Ainsi, n'oublions pas que la Chine refuse que sa monnaie soit totalement convertible à l'égard du dollar américain. Cela lui permet d'avoir une marge de manœuvre sur sa politique d'exportations ainsi que sur celle des pays du sud-est asiatique. Et dans les matières de base, la Chine mène une politique expansionniste. Elle continue d'augmenter sa position que cela soit dans l'acier, l'aluminium, le ciment, la production de plastique et ne modernise pas à la même vitesse ses unités de production. Par voie de conséquence, les pressions augmentent dans les pays riches pour mettre en place des mesures anti-dumping à l'égard des importations de produits chinois. D'ailleurs, les autorités américaines ont récemment pris des mesures protectionnistes à l'égard des importations de pneus chinois. Idem en Europe sur les aciers inoxydables via Eurofer.

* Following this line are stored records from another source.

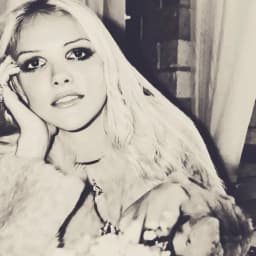 Anita Spring
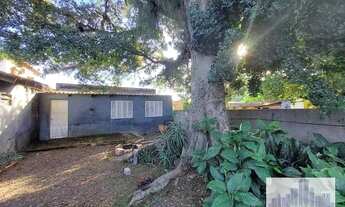 Imagem 2: Casa Comercial Galpão / depósito com 4 vagas na garagem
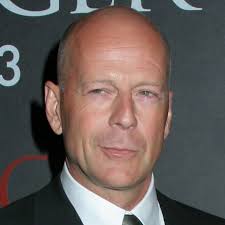 Image “Surrogates” star Bruce Willis Picture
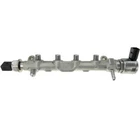 Rail Pipe For Audi Skoda Vw 2.0 Tdi 04L130089G 04L130089H Neu:. Price: $110.89.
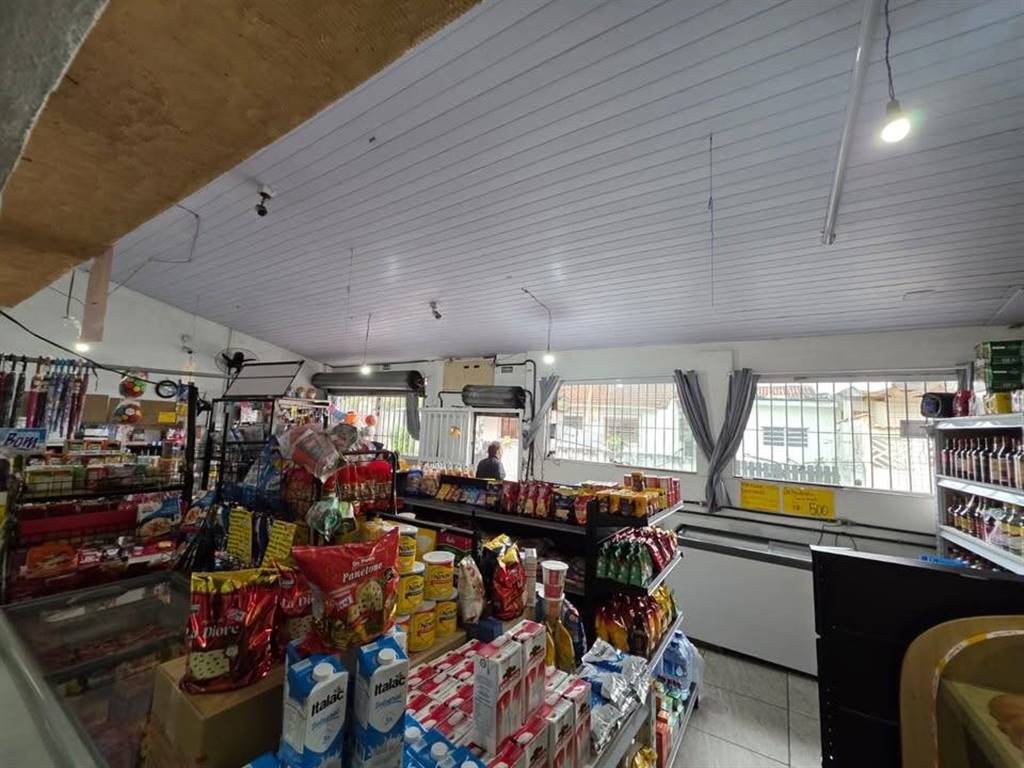 Casa com 2 quartos e 150 m² em Centro, Mongaguá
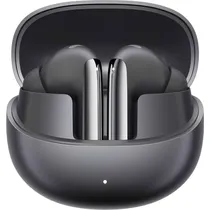  Fones de Ou...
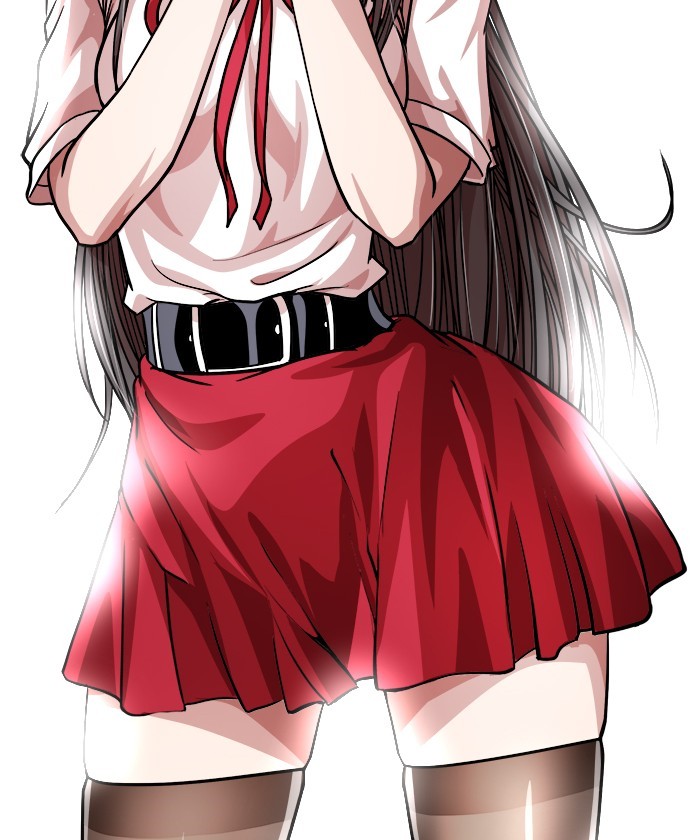 change (jinyuan) ss2 chapter 24 106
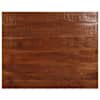 Reclaimed_woodnatural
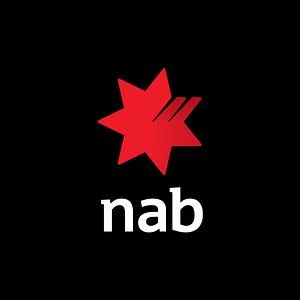 NAB Innovation Centre's logo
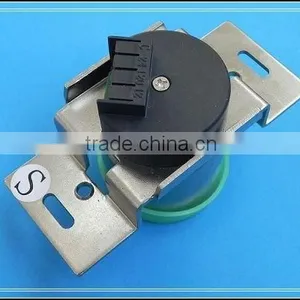 Mini Electromagnetic SC4869 thumbnail-1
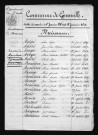 1843-1852
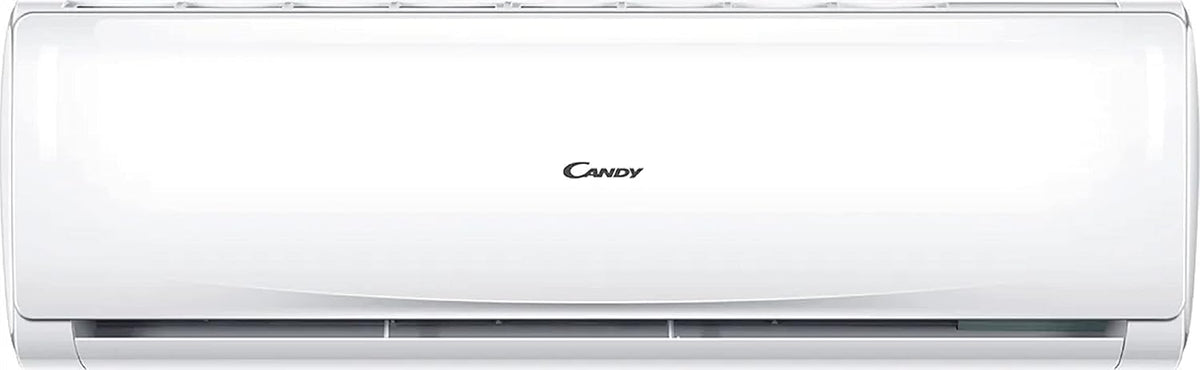 Klimaanlage 18000 Btu, Monosplit, WiFi, A++/A+ - CY-18TA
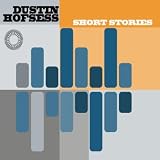 When Death Finds You, May It Find You Alive (feat. Jim Brock & Adam Snow)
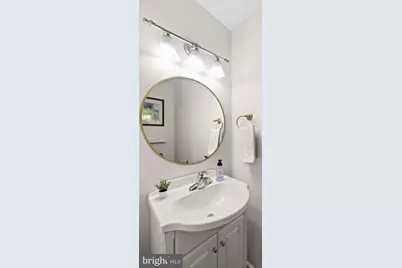 11971 Home Guard Drive, Woodbridge, VA 22192 - Photo 10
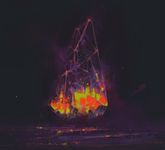 5677587 Unsettled Full Kickstarter Set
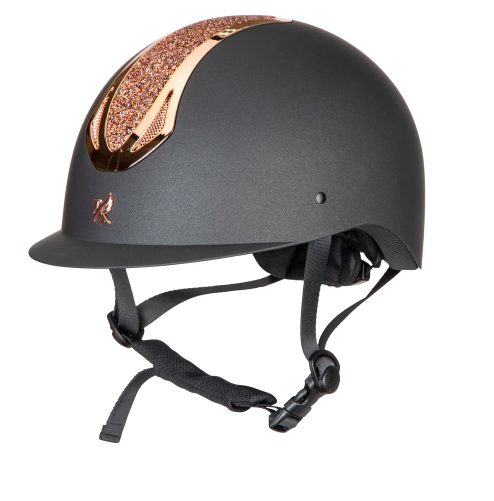 Karben Alessa Standard Peak Helmet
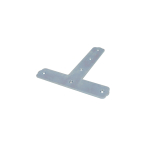 SCULPS �⋭���� ���j�N��T�� 09-306 150mm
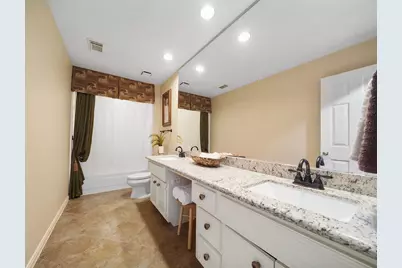 4010 Bay Shore Drive, Missouri City, TX 77459 - Photo 29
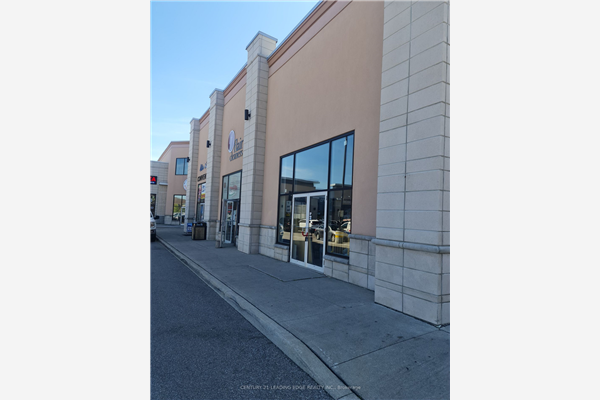 4265 Thomas Alton Blvd, Burlington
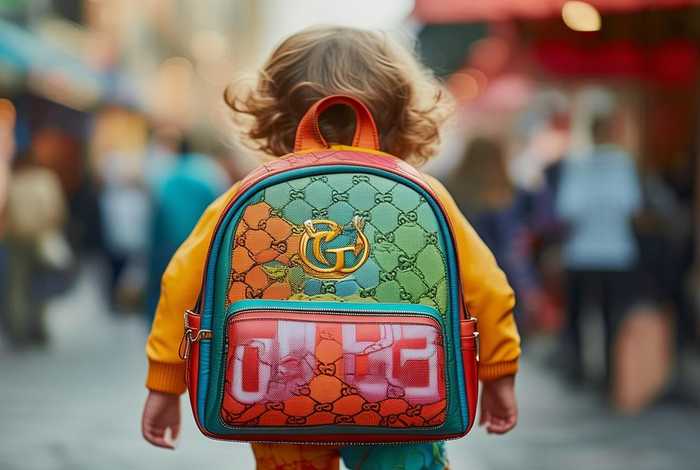 gucci童包官网 - gucci儿童包中国官网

La Chine reconnaît qu'elle doit d'abord stimuler son marché interne. Et grâce à ses décisions, son économie a progressé de 9,8% au troisième trimestre 2009 et 7,9% au deuxième trimestre 2009. Pendant ce temps, les économies des pays riches étaient en récession. Mais, cette croissance est-elle durable ? Alors qu'elle représente près de 50% de la production mondiale d'acier brut pour moins de 10% du PIB mondial, combien de temps la Chine pourra maintenir un taux de croissance si élevé dans ce contexte de déséquilibre mondial ? N'oublions pas que ce pays n'est pas une démocratie et qu'à ce titre son économie manque de transparence. Ainsi, par exemple, la sidérurgie est à 90% nationalisée. Sans oublier que l'organisation de l'administration n'est pas très efficace et que la corruption est courante.
Selon les prévisions, la Chine produira 800 millions de tonnes d'acier en 2013, contre 660 millions de tonnes en 2008. Et pour une grande partie, cette production n'est pas rentable aujourd'hui. Au premier trimestre 2009, 48 sidérurgistes chinois affichaient des bilans en perte. Cela ne signifie-t-il pas qu'il existe déjà une surcapacité de production d'acier en Chine. ? Selon les experts du Metal Bulletin, c'est le cas et va durer encore au moins pendant deux années. Le taux de la capacité d'utilisation devrait rester en-dessous de 80%.
Il est important de se rappeller que la consommation d'acier avait commencé à baisser en Chine au cours du second semestre 2008. Or, elle a redémarré uniquement grâce aux mesures de soutien du gouvernement chinois notamment sur le secteur de l'automobile et celui des biens d'équipements.
En conclusion, il existe un véritable risque qu'une nouvelle bulle financière se constitue sur les actifs chinois. En fait, pour l'instant la surcapacité de la sidérurgie chinoise persiste, et celle-ci ne se modernise pas. Le Yuan ne s'apprécie pas assez pour forcer à améliorer rapidement la compétitivité des unités de production chinoises. Autant de facteurs qui montrent la fragilité de la reprise économique actuelle, et en même temps le risque lié à la dépendance à l'égard de la Chine.